___ SUPPLIED INFORMATION
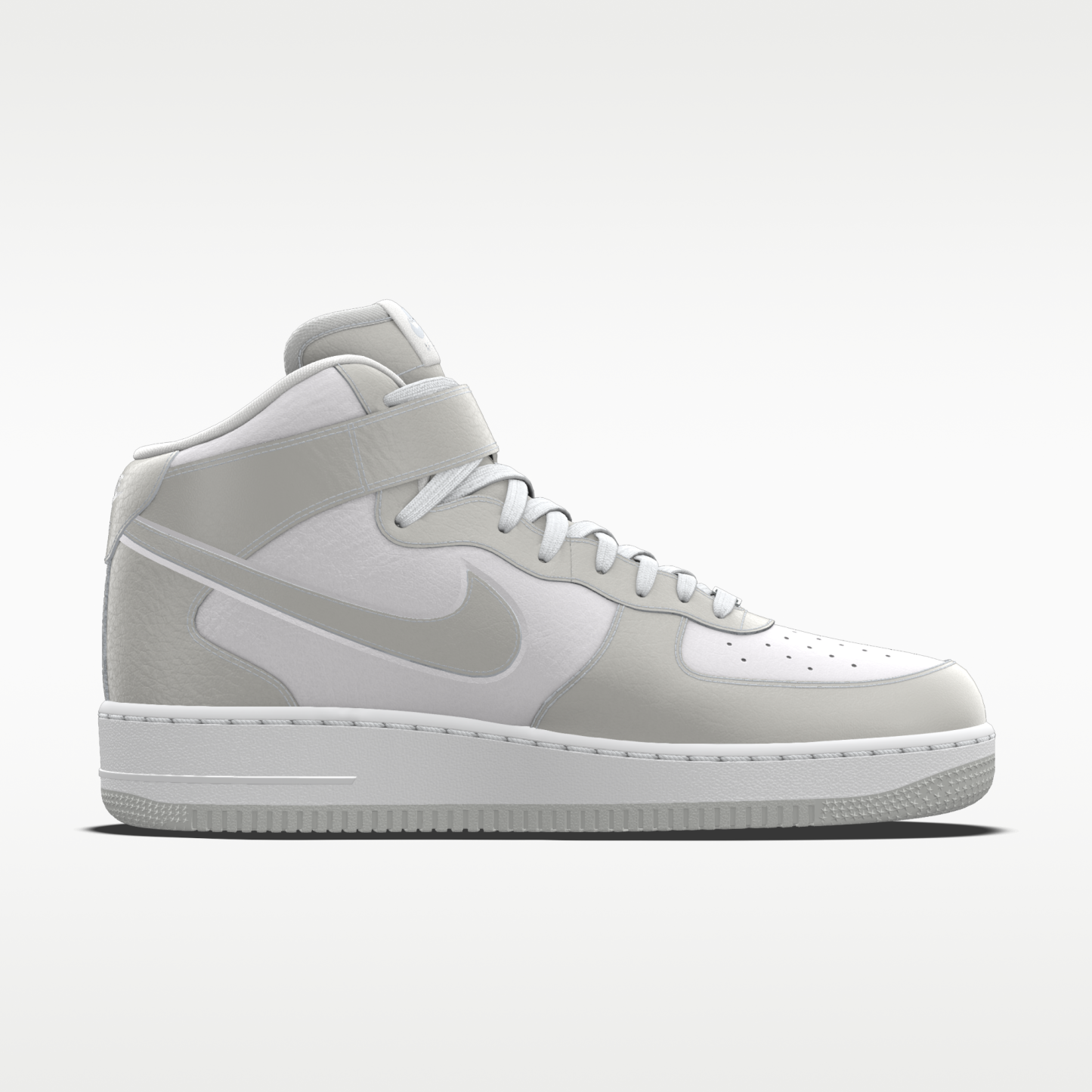 Nike Air Force 1 Mid By You - Πολύχρωμο/Πολύχρωμο/Πολύχρωμο (2120804569) - 3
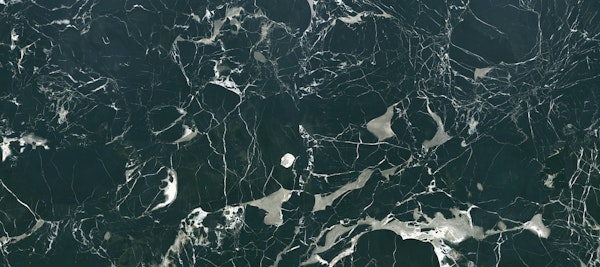 Green Marble-Look Stone Wallpaper Design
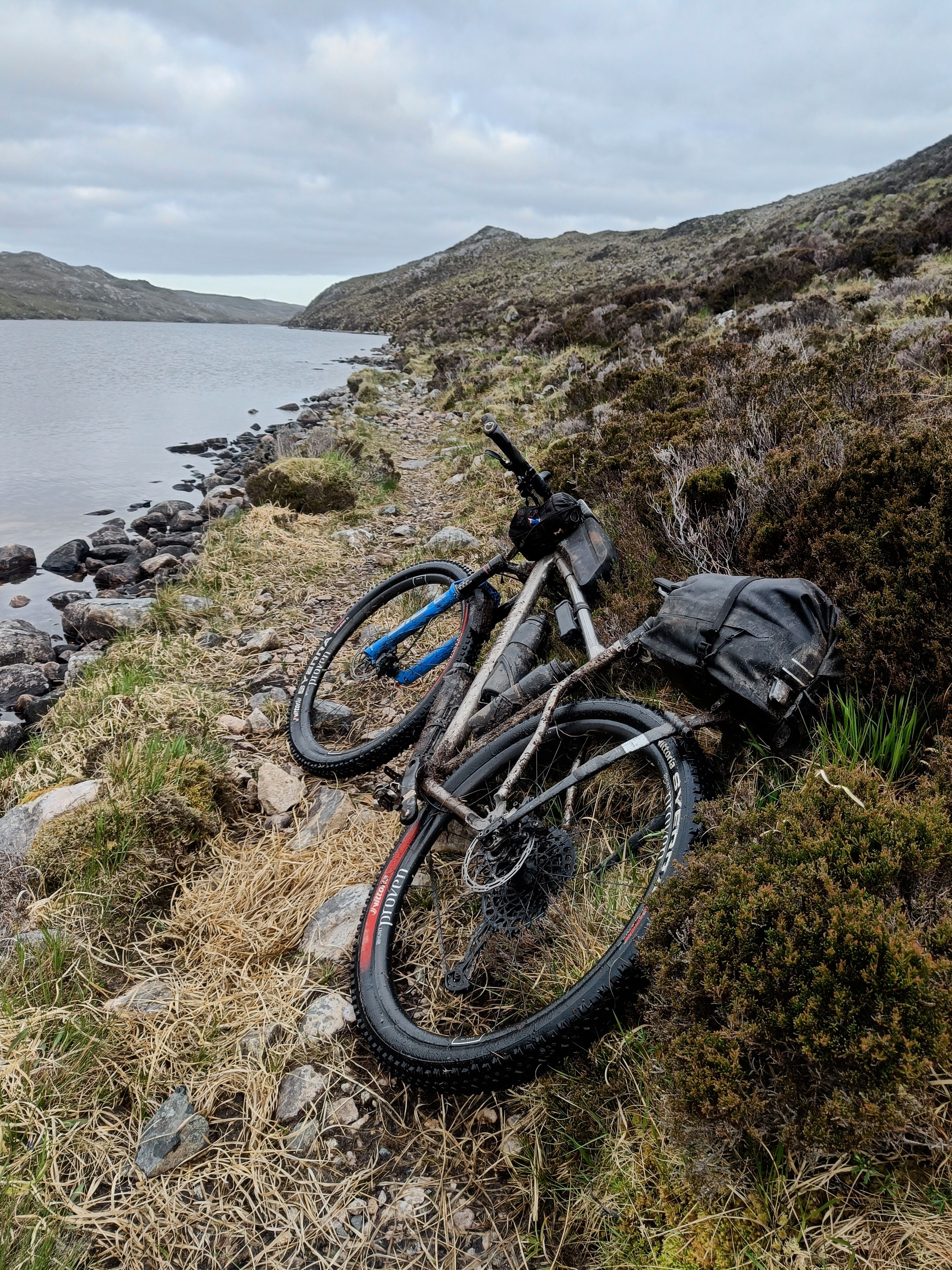 The going is slow and you definitely will hike your bike a lot during the Highland Trail 550.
______
- _TRY IT_: With pictures left out, print the lines of the material above from the line containing "Green Marble-Look Stone Wallpaper Design" through its last line, exactly and nothing more.

- _ANSWER TO THIS TASK_:
 Green Marble-Look Stone Wallpaper Design
 The going is slow and you definitely will hike your bike a lot during the Highland Trail 550.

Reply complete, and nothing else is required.